Vectorized hash grouping by a single text column #7586

akuzm · 2025-01-10T13:40:33Z

Use the UMASH hashes that have a guaranteed lower bound on collisions as the hash table keys.

Up to 70% improvement in tsbench: https://grafana.ops.savannah-dev.timescale.com/d/fasYic_4z/compare-akuzm?orgId=1&var-branch=All&var-run1=4078&var-run2=4080&var-threshold=0.02&var-use_historical_thresholds=true&var-threshold_expression=2%20%2A%20percentile_cont%280.90%29&var-exact_suite_version=false&from=now-2d&to=now

Use the UMASH hashes that have a guaranteed lower bound on collisions as the hash table keys.

codecov · 2025-01-10T16:30:22Z

Codecov Report

Attention: Patch coverage is 90.00000% with 6 lines in your changes missing coverage. Please review.

Project coverage is 81.83%. Comparing base (59f50f2) to head (679c56d).
Report is 730 commits behind head on main.

Files with missing lines	Patch %	Lines
...des/vector_agg/hashing/hash_strategy_single_text.c	88.88%	1 Missing and 4 partials ⚠️
tsl/src/nodes/vector_agg/plan.c	50.00%	0 Missing and 1 partial ⚠️

Additional details and impacted files

@@            Coverage Diff             @@
##             main    #7586      +/-   ##
==========================================
+ Coverage   80.06%   81.83%   +1.76%     
==========================================
  Files         190      243      +53     
  Lines       37181    44828    +7647     
  Branches     9450    11184    +1734     
==========================================
+ Hits        29770    36686    +6916     
- Misses       2997     3732     +735     
+ Partials     4414     4410       -4

☔ View full report in Codecov by Sentry.
📢 Have feedback on the report? Share it here.

erimatnor

LGTM. I added some suggestions for minor improvements. Also have some general questions.

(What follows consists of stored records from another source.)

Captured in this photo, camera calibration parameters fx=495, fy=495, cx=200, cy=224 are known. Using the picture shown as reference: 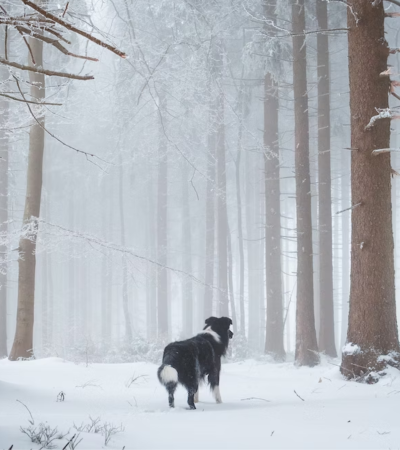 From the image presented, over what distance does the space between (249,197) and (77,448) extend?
105 ft

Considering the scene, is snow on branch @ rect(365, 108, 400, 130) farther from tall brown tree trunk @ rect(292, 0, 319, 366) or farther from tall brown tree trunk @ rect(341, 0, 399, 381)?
tall brown tree trunk @ rect(292, 0, 319, 366)

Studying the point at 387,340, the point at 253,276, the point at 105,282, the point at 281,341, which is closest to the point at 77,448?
the point at 387,340

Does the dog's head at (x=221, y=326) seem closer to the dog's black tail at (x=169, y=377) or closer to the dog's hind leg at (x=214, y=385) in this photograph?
the dog's hind leg at (x=214, y=385)

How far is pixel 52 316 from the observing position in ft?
116

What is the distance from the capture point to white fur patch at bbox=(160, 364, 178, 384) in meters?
4.99

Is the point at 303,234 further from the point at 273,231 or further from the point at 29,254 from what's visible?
the point at 29,254

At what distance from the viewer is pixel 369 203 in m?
7.05

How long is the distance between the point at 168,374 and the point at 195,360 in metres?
0.49

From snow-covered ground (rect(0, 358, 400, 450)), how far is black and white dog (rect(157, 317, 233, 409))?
0.25m

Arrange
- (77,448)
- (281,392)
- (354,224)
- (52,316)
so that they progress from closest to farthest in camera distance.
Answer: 1. (77,448)
2. (281,392)
3. (354,224)
4. (52,316)

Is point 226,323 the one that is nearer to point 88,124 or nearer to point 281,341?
point 281,341

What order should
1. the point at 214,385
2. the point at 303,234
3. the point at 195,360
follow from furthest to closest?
the point at 303,234
the point at 214,385
the point at 195,360

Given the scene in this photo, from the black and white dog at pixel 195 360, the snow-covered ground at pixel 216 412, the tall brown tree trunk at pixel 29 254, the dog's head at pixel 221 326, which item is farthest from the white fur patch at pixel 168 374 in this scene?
the tall brown tree trunk at pixel 29 254

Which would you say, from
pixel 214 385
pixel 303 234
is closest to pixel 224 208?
pixel 303 234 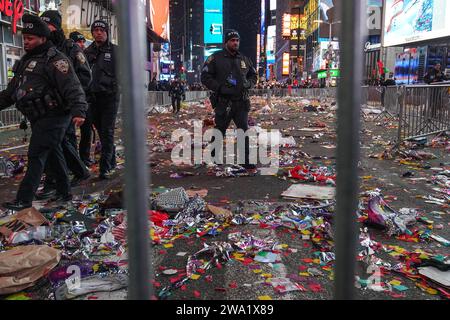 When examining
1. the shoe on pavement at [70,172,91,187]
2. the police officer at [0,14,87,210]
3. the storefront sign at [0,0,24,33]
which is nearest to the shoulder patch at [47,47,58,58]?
the police officer at [0,14,87,210]

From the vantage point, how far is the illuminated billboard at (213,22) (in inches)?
4838

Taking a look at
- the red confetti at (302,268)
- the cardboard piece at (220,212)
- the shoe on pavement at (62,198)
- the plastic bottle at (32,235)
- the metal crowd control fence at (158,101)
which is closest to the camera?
the red confetti at (302,268)

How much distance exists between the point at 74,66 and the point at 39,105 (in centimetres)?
141

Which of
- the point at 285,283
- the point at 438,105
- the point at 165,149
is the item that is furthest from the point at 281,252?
the point at 438,105

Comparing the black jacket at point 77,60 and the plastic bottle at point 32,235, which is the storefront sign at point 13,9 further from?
the plastic bottle at point 32,235

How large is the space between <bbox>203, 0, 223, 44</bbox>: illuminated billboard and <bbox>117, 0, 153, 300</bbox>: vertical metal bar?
124657mm

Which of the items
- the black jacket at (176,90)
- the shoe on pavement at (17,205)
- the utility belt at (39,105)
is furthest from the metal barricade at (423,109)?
the black jacket at (176,90)

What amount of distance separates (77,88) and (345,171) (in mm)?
4190

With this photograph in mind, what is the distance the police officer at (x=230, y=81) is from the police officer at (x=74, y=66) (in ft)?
6.51

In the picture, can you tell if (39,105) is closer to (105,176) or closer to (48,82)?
(48,82)

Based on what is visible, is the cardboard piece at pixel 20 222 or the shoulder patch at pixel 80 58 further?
the shoulder patch at pixel 80 58

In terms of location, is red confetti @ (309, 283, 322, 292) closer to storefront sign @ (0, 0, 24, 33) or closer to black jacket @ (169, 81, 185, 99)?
storefront sign @ (0, 0, 24, 33)

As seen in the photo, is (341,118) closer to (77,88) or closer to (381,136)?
(77,88) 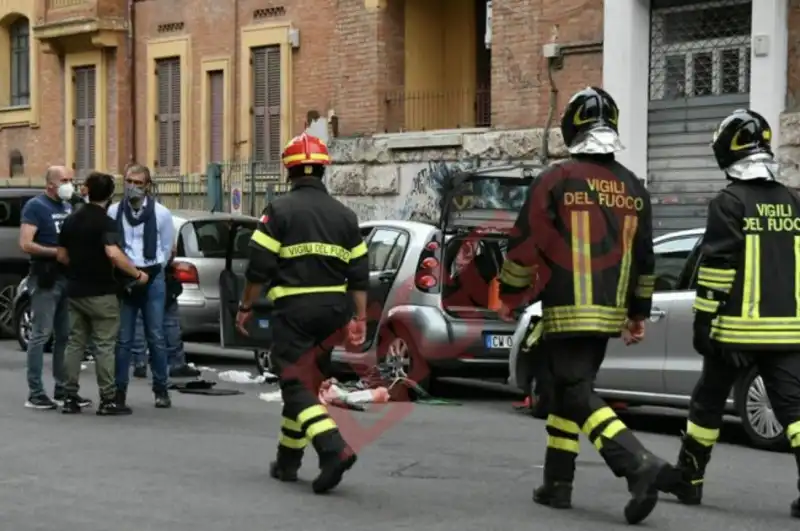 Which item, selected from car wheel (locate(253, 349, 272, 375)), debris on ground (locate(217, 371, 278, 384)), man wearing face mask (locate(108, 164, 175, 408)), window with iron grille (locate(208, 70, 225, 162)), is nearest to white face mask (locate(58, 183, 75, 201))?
man wearing face mask (locate(108, 164, 175, 408))

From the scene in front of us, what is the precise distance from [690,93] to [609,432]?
12.2m

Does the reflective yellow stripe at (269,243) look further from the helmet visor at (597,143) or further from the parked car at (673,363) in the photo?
the parked car at (673,363)

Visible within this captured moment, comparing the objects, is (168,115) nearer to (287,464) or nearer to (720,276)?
(287,464)

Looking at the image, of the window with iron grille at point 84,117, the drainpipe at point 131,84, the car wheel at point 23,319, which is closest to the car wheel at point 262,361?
the car wheel at point 23,319

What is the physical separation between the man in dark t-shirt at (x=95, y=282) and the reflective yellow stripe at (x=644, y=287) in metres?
5.05

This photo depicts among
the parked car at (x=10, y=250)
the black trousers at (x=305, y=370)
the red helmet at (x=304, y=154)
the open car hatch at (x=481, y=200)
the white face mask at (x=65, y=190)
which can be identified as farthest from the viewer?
the parked car at (x=10, y=250)

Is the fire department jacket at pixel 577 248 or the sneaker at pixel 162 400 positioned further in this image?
the sneaker at pixel 162 400

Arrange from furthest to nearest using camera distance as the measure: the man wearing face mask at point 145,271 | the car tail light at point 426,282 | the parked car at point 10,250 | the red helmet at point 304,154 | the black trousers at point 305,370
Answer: the parked car at point 10,250
the car tail light at point 426,282
the man wearing face mask at point 145,271
the red helmet at point 304,154
the black trousers at point 305,370

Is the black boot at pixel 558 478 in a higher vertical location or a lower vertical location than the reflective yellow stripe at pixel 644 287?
lower

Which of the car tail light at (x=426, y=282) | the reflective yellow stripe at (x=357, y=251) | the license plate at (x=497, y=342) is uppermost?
the reflective yellow stripe at (x=357, y=251)

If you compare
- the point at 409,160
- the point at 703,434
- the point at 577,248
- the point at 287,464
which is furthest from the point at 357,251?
the point at 409,160

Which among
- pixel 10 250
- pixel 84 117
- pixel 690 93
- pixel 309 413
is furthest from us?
pixel 84 117

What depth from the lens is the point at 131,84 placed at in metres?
29.2

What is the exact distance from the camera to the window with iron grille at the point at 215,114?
89.2ft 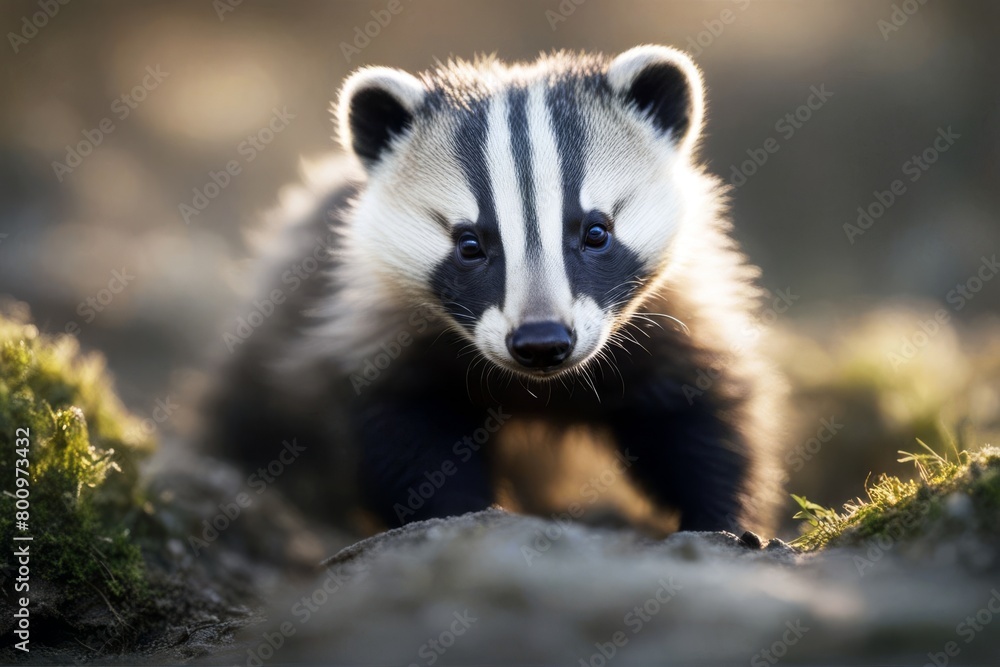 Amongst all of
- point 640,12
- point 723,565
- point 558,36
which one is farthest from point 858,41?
point 723,565

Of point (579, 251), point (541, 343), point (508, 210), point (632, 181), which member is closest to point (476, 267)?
point (508, 210)

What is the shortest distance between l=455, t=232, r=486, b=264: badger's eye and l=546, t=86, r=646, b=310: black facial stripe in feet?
0.88

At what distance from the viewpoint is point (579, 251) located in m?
2.86

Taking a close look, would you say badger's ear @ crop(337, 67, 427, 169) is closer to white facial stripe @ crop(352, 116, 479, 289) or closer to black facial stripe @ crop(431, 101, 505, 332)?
white facial stripe @ crop(352, 116, 479, 289)

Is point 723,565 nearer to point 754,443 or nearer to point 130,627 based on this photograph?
point 754,443

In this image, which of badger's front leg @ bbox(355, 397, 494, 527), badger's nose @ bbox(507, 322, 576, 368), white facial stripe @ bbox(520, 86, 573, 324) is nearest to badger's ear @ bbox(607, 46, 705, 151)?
white facial stripe @ bbox(520, 86, 573, 324)

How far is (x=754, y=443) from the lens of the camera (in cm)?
324

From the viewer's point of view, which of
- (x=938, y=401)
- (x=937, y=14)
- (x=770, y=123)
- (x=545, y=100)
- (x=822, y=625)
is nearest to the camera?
(x=822, y=625)

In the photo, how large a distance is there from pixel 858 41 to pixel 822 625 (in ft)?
25.4

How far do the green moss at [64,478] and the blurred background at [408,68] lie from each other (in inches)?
117

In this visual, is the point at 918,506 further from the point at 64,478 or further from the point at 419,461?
the point at 64,478

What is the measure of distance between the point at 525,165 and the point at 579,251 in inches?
12.0

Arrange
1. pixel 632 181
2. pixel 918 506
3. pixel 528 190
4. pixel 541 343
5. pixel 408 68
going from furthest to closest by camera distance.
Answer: pixel 408 68, pixel 632 181, pixel 528 190, pixel 541 343, pixel 918 506

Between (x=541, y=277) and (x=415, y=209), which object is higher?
(x=541, y=277) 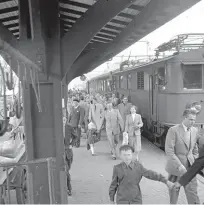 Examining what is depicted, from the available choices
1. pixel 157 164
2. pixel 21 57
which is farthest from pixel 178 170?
pixel 157 164

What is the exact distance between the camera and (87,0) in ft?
14.4

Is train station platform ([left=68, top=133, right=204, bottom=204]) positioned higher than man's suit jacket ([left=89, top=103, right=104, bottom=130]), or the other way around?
man's suit jacket ([left=89, top=103, right=104, bottom=130])

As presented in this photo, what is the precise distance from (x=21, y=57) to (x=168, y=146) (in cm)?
271

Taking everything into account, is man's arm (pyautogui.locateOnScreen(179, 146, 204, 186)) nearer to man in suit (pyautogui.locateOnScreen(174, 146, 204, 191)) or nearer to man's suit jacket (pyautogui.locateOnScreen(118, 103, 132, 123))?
man in suit (pyautogui.locateOnScreen(174, 146, 204, 191))

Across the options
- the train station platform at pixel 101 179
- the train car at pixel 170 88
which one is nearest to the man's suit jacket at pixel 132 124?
the train station platform at pixel 101 179

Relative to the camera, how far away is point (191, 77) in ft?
32.2

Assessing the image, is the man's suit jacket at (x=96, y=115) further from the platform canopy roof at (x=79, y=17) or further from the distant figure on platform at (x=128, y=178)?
the distant figure on platform at (x=128, y=178)

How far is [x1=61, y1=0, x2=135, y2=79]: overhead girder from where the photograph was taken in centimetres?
354

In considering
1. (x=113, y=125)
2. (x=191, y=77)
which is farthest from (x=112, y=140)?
(x=191, y=77)

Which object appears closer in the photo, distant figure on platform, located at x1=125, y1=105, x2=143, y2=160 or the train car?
distant figure on platform, located at x1=125, y1=105, x2=143, y2=160

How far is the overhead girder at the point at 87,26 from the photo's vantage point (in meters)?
3.54

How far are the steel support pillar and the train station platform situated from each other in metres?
1.74

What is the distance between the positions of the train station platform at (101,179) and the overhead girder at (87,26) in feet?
10.1

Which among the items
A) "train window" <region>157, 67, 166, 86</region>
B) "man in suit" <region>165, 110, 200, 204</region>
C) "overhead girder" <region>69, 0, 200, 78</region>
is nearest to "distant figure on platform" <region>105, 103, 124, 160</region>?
"train window" <region>157, 67, 166, 86</region> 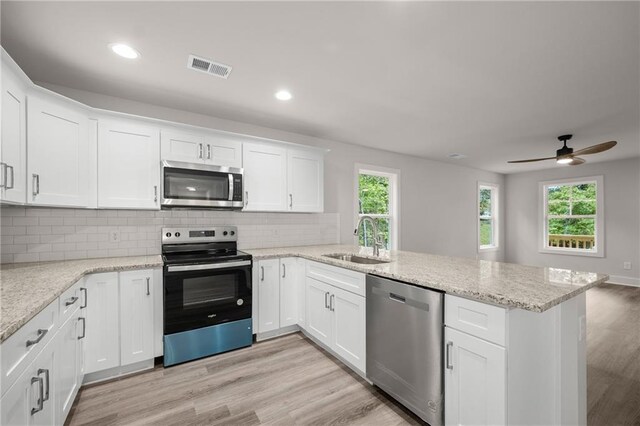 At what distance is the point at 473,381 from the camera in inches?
56.6

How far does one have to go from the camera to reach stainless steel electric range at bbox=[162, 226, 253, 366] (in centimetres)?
242

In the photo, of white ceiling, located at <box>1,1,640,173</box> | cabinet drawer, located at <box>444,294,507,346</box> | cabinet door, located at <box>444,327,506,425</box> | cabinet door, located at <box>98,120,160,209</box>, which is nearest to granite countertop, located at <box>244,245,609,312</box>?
cabinet drawer, located at <box>444,294,507,346</box>

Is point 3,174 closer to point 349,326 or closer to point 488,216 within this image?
point 349,326

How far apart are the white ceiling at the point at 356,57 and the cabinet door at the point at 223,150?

erimatnor · 2025-01-31T14:35:12Z

tsl/src/nodes/vector_agg/hashing/hash_strategy_single_text.c

+typedef struct BytesView
+{
+	const uint8 *data;
+	uint32 len;
+} BytesView;


Instead of defining a new type, can we use StringInfo and initReadOnlyStringInfo? Just an idea.

Well, it's not a complex type, and StringInfo has some unrelated things, so I'd keep it as is.

erimatnor · 2025-01-31T14:57:28Z

tsl/src/nodes/vector_agg/hashing/hash_strategy_single_text.c

+	BytesView *restrict output_key = (BytesView *) output_key_ptr;
+	HASH_TABLE_KEY_TYPE *restrict hash_table_key = (HASH_TABLE_KEY_TYPE *) hash_table_key_ptr;
+
+	if (unlikely(params.single_grouping_column.decompression_type == DT_Scalar))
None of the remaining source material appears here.